Heterogeneous federated learning with client collaboration graphs

Federated learning is a distributed machine learning paradigm for protecting data privacy. Clients participating in federated learning usually have different hardware resources and training data, but traditional federated learning methods often ignore the multi-level collaborative relationships among heterogeneous clients in terms of data and resources, which leads to insufficient collaboration and limited convergence performance. To address this problem, this paper proposes a heterogeneous federated learning method based on client collaboration graph (HFLCG), which aims to mine the multi-level collaboration relationships among heterogeneous clients and realize efficient and fine-grained client collaboration. In the HFLCG method, clients are categorized into multiple clusters by introducing quantitative metrics of client computing power. According to the resource differences between clusters, a directed asymmetric topology is constructed for the resource collaboration relationship graph, so that the high-capacity clusters accelerate the convergence of low-capacity clusters.
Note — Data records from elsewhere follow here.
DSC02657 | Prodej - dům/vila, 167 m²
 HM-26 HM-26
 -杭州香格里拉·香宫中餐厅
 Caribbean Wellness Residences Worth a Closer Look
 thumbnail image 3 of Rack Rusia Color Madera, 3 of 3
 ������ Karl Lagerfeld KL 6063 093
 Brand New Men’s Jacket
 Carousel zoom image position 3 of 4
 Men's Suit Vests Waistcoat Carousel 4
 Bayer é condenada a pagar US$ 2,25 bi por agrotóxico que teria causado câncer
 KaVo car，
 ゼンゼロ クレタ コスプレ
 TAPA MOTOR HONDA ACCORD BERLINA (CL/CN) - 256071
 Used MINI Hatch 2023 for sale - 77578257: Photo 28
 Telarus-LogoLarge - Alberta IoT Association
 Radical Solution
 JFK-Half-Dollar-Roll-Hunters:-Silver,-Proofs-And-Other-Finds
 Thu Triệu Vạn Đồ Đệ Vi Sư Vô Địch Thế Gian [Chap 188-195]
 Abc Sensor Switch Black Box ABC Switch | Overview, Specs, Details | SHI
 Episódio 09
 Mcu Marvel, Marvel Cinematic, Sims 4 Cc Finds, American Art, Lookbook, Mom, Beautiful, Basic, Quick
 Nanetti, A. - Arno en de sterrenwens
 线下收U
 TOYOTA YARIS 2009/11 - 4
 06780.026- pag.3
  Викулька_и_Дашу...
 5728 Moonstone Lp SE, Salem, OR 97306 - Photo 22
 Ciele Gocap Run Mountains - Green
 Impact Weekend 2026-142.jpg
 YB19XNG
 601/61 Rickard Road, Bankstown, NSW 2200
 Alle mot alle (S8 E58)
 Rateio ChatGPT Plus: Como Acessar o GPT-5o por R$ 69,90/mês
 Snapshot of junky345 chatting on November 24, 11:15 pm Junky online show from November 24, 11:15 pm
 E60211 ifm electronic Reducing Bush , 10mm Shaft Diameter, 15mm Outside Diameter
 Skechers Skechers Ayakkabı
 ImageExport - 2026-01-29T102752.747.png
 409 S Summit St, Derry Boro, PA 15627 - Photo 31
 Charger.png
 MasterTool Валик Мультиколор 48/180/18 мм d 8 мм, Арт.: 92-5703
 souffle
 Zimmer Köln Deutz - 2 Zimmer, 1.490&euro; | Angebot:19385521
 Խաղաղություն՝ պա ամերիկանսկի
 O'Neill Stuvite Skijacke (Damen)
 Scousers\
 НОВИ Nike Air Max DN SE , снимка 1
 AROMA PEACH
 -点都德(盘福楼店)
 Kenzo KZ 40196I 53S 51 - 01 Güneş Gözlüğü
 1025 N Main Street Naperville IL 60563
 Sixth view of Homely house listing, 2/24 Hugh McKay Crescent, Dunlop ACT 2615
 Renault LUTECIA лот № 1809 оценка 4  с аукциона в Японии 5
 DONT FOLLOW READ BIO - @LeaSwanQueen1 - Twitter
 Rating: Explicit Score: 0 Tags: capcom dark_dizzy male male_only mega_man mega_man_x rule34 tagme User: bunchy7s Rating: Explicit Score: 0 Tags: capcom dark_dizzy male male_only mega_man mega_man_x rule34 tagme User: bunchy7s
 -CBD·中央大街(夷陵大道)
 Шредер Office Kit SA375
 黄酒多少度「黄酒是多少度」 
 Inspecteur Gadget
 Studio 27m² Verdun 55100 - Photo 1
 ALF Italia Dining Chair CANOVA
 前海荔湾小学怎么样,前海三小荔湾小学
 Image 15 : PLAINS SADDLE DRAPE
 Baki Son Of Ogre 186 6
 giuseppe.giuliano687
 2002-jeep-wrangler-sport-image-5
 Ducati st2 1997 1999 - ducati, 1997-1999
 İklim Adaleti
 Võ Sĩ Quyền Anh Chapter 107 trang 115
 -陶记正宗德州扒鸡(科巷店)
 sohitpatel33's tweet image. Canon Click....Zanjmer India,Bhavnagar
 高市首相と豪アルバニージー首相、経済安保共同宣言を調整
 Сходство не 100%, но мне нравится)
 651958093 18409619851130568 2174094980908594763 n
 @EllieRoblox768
At the same time, the data knowledge of the low-capacity clusters complements that of the high-capacity clusters, which effectively alleviates the problems of slow convergence of the low-capacity clients and the misalignment of the knowledge exchanges in the traditional federated learning. In addition, by constructing a weight-adaptive data collaboration graph within the client clusters, it can better cope with different levels of data heterogeneity. The two-level collaboration graphs are interlinked so that clients can fully absorb the data knowledge while being assisted by high-resource clients as much as possible to solve the data and resource heterogeneity problems simultaneously. Experiments show that the proposed method takes at least 47.34% less time than the baseline method to achieve the same target accuracy, and has better robustness under different resources and data heterogeneity.